Microwave radiation (MR) is a type of non-ionizing electromagnetic field with a frequency within the range of 300 MHz to 300 GHz that show both thermal and non-thermal effects that is able to increase cell permeability. From 300 MHz to 3 GHz is considered ultra-high frequency, 3–30 GHz MR corresponds to super high frequency and from 30 to 300 GHz corresponds to extremely high frequency radiation. Additionally, MR that exceed a peak power of 100 MW with an operation frequency between 1 and 300 GHz is considered high-power radiation.
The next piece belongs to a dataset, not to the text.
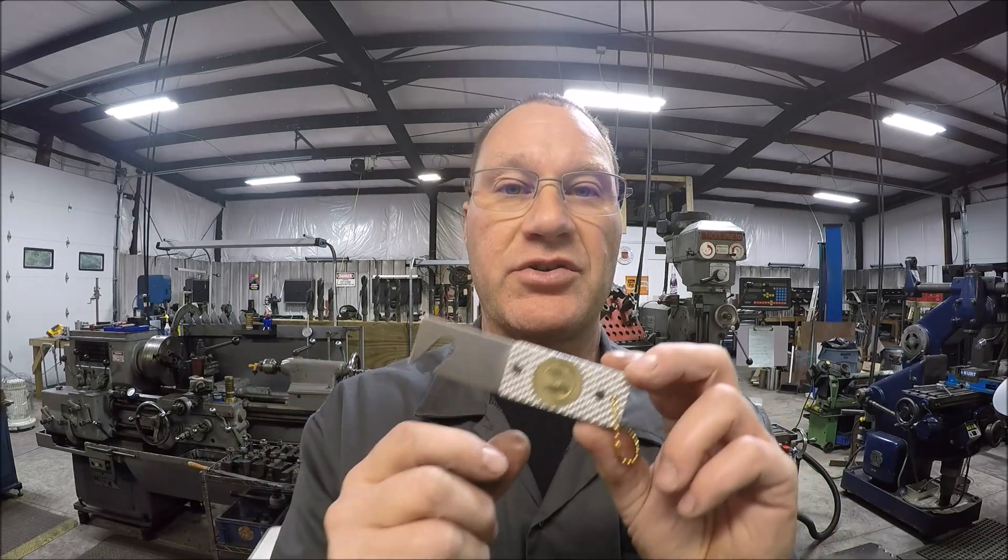All righty, there you go — one bottle opener for a Secret Santa gift! Hopefully the recipient will enjoy it, and I hope you guys enjoyed the build. We got a little bit of shaper action going on to make the handle and a little milling, so all in all a fun project. I'll get this thing wrapped up and wait for the address and the name of the recipient. Once I get that, I'll get it off to them, and in return I should be receiving something so I'll make a video of that too. Thumbs up are always appreciated, leave comments down below, and we'll see you on the next project — take care guys!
MR exists in our daily life environment due to its use in applications such as conventional microwave ovens (∼2.45 GHz), radar, navigation systems and spectroscopy. Although, all biological systems could be affected by MR, possible alterations depend upon operating frequencies and peak power. Regarding MR effects on cells, it has been reported that morphology alterations, division disruptions and membrane permeability changes may occur when external fields are sufficiently strong and significantly higher than the voltages generated by mitochondrial membranes. In such case, degeneration, apoptosis or necrosis in cells can occur at different stages depending on the field strength, wave form, modulation and duration of exposure [[15], [16], [17]].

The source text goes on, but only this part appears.